Sam keeps attempting escape dressed in a variety of clothes only to be caught at the door and comes in first as Freeboys adding bits of disguise every time Ruscutti’s back is turned, and improvising answers to Caprice’s wild semaphore behind the psycho’s back. He finally exits only to have to enter again as the maintenance: he’s either to be shot or join in. It’s classic farce on amphetamines.

 

There’s some blink-fast scene-shifting as a variety of scene changes introduce larger and larger hatted police chiefs roaring at Killian MacArdle’s luckless Shuck, and at his wedding to Ruth a cappella church singing of a singular order.

 

Greatest of all is the vertically presented heist itself, where presented at ninety degrees as if viewed from above bank manager Freeboys and his own luckless sidekick Warren Slax are at odds with each other’s versions of gravity.

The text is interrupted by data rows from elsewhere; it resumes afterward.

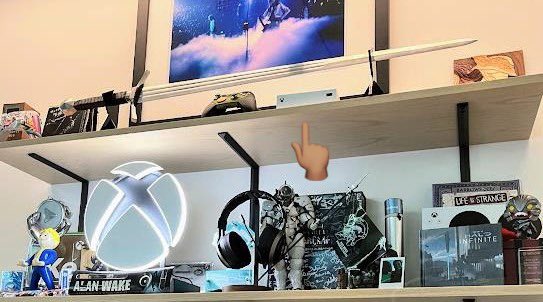 jmatuk's tweet photo. A través de una publicación en @Twitter, @XboxP3 habría mostrado el prototipo de #ProjectKeystone, su dispositivo para llevar #XboxCloudGaming a cualquier pantalla para jugar sin consola. Su tamaño es menor al de un control de Xbox, y tiene un diseño similar a una Series S. https://t.co/lXKNbBuMVT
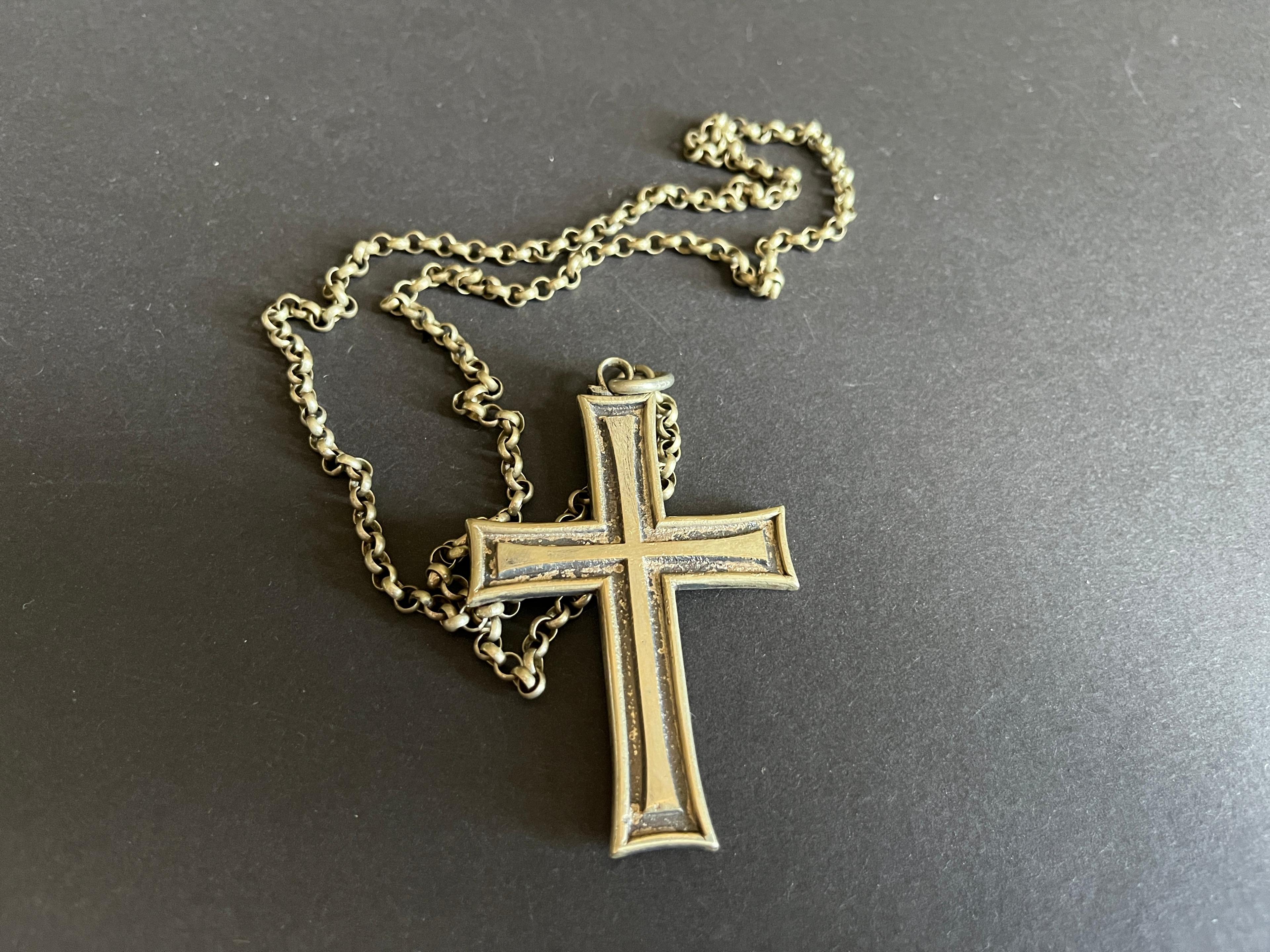 Priesterkreuz an langer Kette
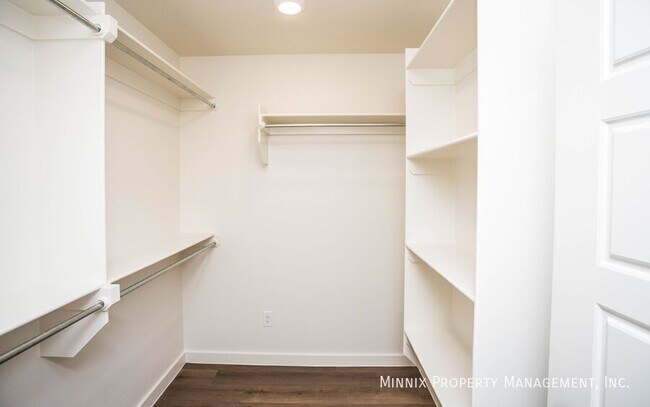 Building Photo - 2134 Langford Ave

Whilst Freeboys seems at home at ninety degrees Slax (Jon Tenchard, repeatedly knocked on the head to lose and regain memory by everyone else, a fantastic physical performance) plays up the vertical challenge, breaking out of the illusion, another running gag. He drops papers, spills coffee, whilst Freeboys serenely continues at an odd angle to the universe.

 

Others arrive at an odd angle to him, causing even him to question where – as it were – to draw the line. This as the robbers describe a box shape in air vents (also at ninety degrees) along the stage floor as if snaking along the top of one side of the building.

 

The twists and denouement are too delirious and unlike other farces dark to reveal. But the honours if evenly distributed for the most part, must go to the extraordinary Damian Lynch with his strangulated pitch as Robin Freeboys, a monstrous performance of a monstrous man. His bulked out psychosis and bullying perhaps embodies another monster in the news of late, though his performance and team work are impeccable. Jeavons as the psychopath has to be one-note mean but in farce one note is essential for many characters and the unexpectedness of his character is still unrepeatable.

 

Charlotte Duffy as Caprice Freeboys works blissfully and slinkily with petty thief (whom she thinks doctor rabbi and lawyer in one) Sam. It’s another wow of a performance. Sam’s played straight by Sean Carey, only of course as thief he’s a supreme impersonator, the most quick-witted even in this company of crooks. But his upright mother played by Ashley Tucker is the hugest reveal. George Hannigan’s Everyone Else is too easily overlooked. Except in his Marcel Marceau routine. It’s a company of twelve with Tom Hopcroft, Eddy Westbury and Ross Virgo taking the three unnamed parts.

 

Perhaps most touching is the sudden lurch and apotheosis of two characters who lack friendship. Watch out for saviour seagulls. There’s more than a hint of pathos and darkness about this farce. It redefines the category, by edging beyond even recent work and revealing a classic structure entering a hall of mirrors and going mad. The musical as well as general ensemble is the most remarkably timed I’ve ever seen in a theatre, and the set designs and shifts the most frantically split into milliseconds. Though touring means some of the visuals have to be slightly crimped you’d not notice much even if you’d seen the Criterion original. The acting’s as outstanding. This is a redefining farce in every way.